To understand their motivations you have to consider their own personal viewpoints. The best thing to do is to roleplay. Let's pretend for a moment that we are members of their organization. We, as muslim extremists, have been brainwashed into believing that everything that the Western world stands for is evil, and should be destroyed.

We are taught to believe that the Muslim faith is the superior religion of the world, and all people should be Muslim, and worship the prophet Mohammed (who lived 500 years after the time of Jesus) and Allah.

We are taught that until Jerusalem is taken back from the Jews, that Jihad should continue. We are taught that the Crusades (1,000 years ago) defined who the enemy is (Christians and Jews) and any future socities that favor them should be destroyed (such as the US and anyone that agrees with us).

Now, let's jump back to who we are.

The western world, politically, is fairly stable. Over the past several thousands of years, many wars have been fought over terroritory and many kings and governments created and overthrown. The United States (200+ years) is a relatively young nation compared to history. We are being tested. Our political ideology has become clearly superior, and unshakable.

However, our religious ideology is based largely on Christianity. Our founding fathers were largely of the protestant faith. Historically Protestants have sided with Jews. The Crusades were fought over the Holy City of Jerusalem, which had been taken from Jewish rule by Muslims.

To truly understand the current breed of terrorists we need to understand their motivations. They want to take back the Holy City. Israel is an ally of the US. The US is the strongest force supporting Israeli occuption of Jerusalem, and therefore the most logical target.

Secondly, they have an issue with the occupying forces in Iraq since it is on Muslim lands as well (so they claim). Therefore any additional supporting nations of the Iraqi situation are also targets.

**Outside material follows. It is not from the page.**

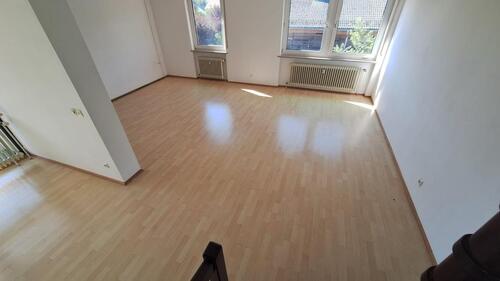 Foto - Großzügige 3,5-Zimmer-Wohnung Regensburg-Oberisling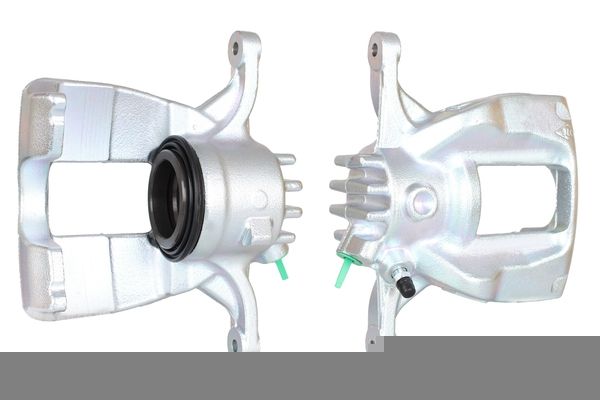 HELLA PAGID 8AC 355 399-541 Brake Caliper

It's not just land they want, however, they want more.

The best thing to do is to educate yourself about the Arab people and the historical significance of the middle east.

I recommend:

"Islam and World Peace: Explanations of a Sufi"
by an M.R. Bawa Muhaiyaddeen

which I picked up in a local used bookstore recently. It has a great summary of the major events of the middle east over the past 2,000 years and provides a modern context to what non-extremist Islamic people believe.

The modern extremist Islamic terrorist does not interpret the history in the same way as the majority. Unfortunately, they have managed to carry out some significant attacks, and appear to be capable of continuing to do so until we can figure out how to dismantle them.

Since there is no country to attack specifically, we have to attack their ideology. The best way to do this is to learn about their history, and to understand it better than they do.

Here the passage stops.